Page 45 of Jazz
Then I smelled him again. Spice and wood. Please, Chase. Please.
“Fuck,” someone cried out. “Fuck.”
Fear. Abstract terror. I could hear it in those words. The type that makes your stomach drop to your very toes. I could feel it too, like it sucked me in even though it wasn’t my fear.
“Ah fuck!”
“You. Get him to a fucking hospital.”
Chase’s voice. Just hearing it, even the anger that laced the deep rumble of his words, that was enough to soothe the drilling of my heart.
“The…the girl.” Someone stammered from above me.
“She’s fucking mine. Now get the fuck out of here before I stick one in your gut too.”
My heart still pounded in my chest, but at least now it didn’t feel like it might actually break through my ribs. The smoke made my eyes water under the blindfold. The ropes rubbed raw at my wrists. Somewhere in the room someone groaned, low and broken, and then a boot hit the floor beside me. Heavy. Slow.
The rope tugged against my ankle, and then popped, my legs springing free, no longer pinned. My breath hitched. I couldn’t tell if it was him or one of them.
Another step. Then silence.
That was worse. Silence meant choice. And I didn’t know what his was.
I stayed still, every muscle locked, heart beating hard in my chest again, loud enough I thought he could hear it. His smell lingered, teasing. Clean and sharp with that mix of mint and spice, wrapping itself around the fear until I didn’t know what I was feeling anymore.
Something brushed the back of my hands, my skin crawling, or maybe it ignited. I couldn’t tell, the aching numbness making them senseless. The ropes popped again. My arms sprung free and a sudden burn chased any numbness away. I yelped. Bottled fear and pain escaping in one noise.
“Shit, Jazz,” Chase’s words were hot on my back, the tiniest wisp of breath stinging my damaged skin.
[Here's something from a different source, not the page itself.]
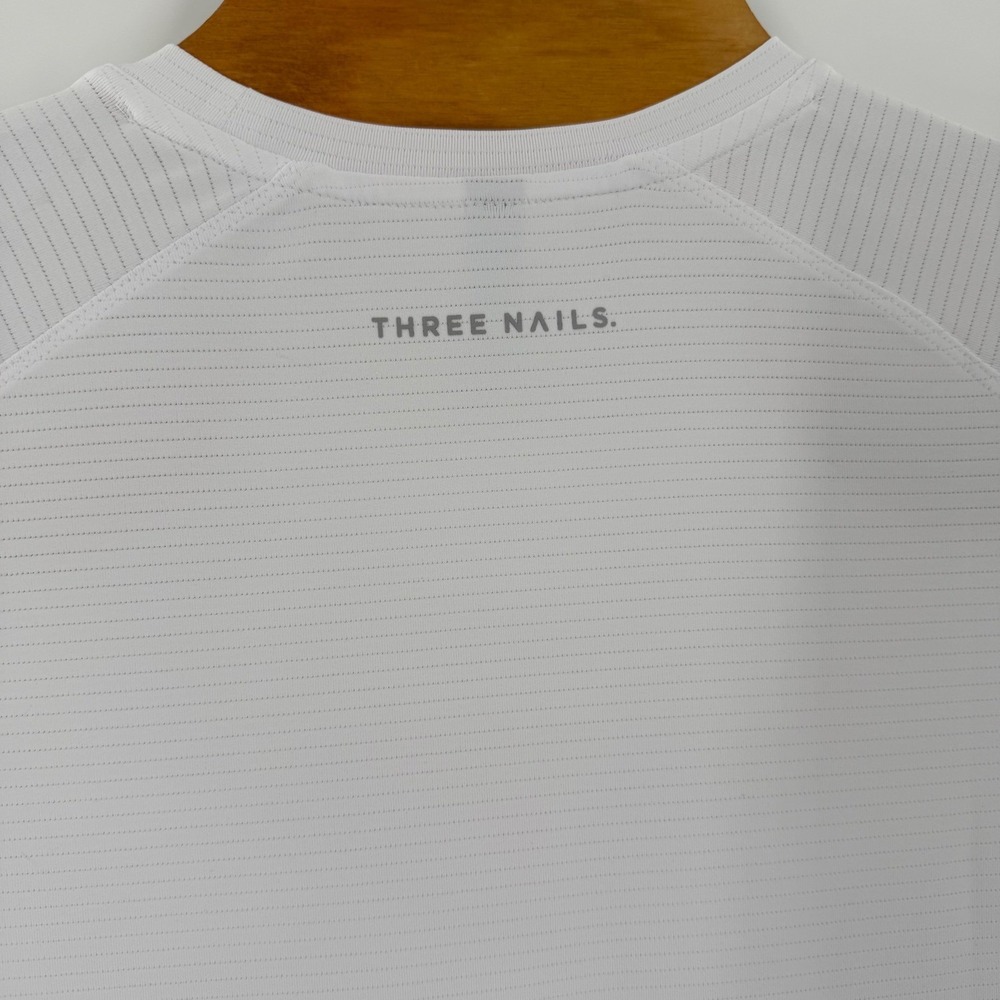 Three Nails Mens White Cross Logo Activewear Training T-Shirt XL NWT - Picture 6 of 6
The bed dipped, and I didn’t move. Lying with my arms and legs spread out like I was still tied. Too frightened, too exhausted to do anything.
His arm scooped under mine, tilting me. I felt the coldness against my temple. Metal. A blade. It picked its way carefully under the fabric, tugging and then the black surrounding my eyes loosened. Rough fingers teased at the edges, lifting it carefully until it stuck.
“This might hurt,” his voice was low, velvety, and my heart beat stronger again. “I think it’s stuck on some old blood.”
The material tugged and I winced, squeezing my eyes shut.
“Shit,” Chase said again. “I’m just going to rip it off like a plaster.”
I nodded, drawing a breath. I was ready. It couldn’t hurt like…fuck. The material pinched sharply, heat rushing to a spot on my left eyebrow and then the prickle of warm liquid.
“Sorry, Jazz. I know that hurt.” His voice was oddly soothing, like a deep lullaby, encouraging me to let that exhaustion win. “You know you have your eyes closed still? You can open them now. The blindfold’s off.”
I knew it was off. But I was tired, and afraid. Afraid of whether I could see after days trapped in the dark. Scared of what carnage lay around me. And frightened to look at Chase. At the man who had rescued my dignity from his vice president. Who’d tenderly seen to my wounds. Who had kissed me in the dark. Whose voice had soothed and excited me. Whose hands had fed me. I didn’t want to look.
But I opened my eyes anyway.
Light hit like a weapon. It stabbed, sharp and white, burning against skin that had forgotten brightness. My lashes fluttered, useless, my eyes dry, struggling to remember what they were meant to do. The world came back in shapes first. Blurred smudges and ghosts that shifted when I blinked. Grey. Black. A streak of something pale that might have been his arm. Everything bled at the edges, hazy and uncertain, like the dark had tattooed itself on the inside of my eyes.
I blinked again. Harder. The light pulsed and swam until, slowly, outlines began to sharpen. The room around me didn’t rush back all at once, it crept in. Crumbling paint. Dust. A patch of ceiling stained with damp. My eyes watered, tears spilling unbidden as they tried to make sense of it.
Slowly shapes sharpened, colour bleeding into them. A black silhouette crouched close, that impossible combination of strength and stillness that could only be Chase. The shadow of his jaw caught the light first, the cut of it familiar even despite I’d never seen him before.
“Hey,” he said softly, that gravel-smooth rumble finding me through the blur. The sound anchored me more than anything else. “Careful Tiger. Don’t push it.”
I swallowed hard, the taste of smoke still bitter on my tongue, catching on the back of my throat. The air smelled of fire retardant and sweat, iron and something faintly sweet that I couldn’t name. Chase. His aftershave, dark spice and engine oil, pulling through the haze.
Everything ached. My wrists burned where the ropes had rubbed raw, my skin tight and stinging. But what caught me worst was the spinning. The world tilted slightly, refusing to hold still. Light smeared every time I moved my head.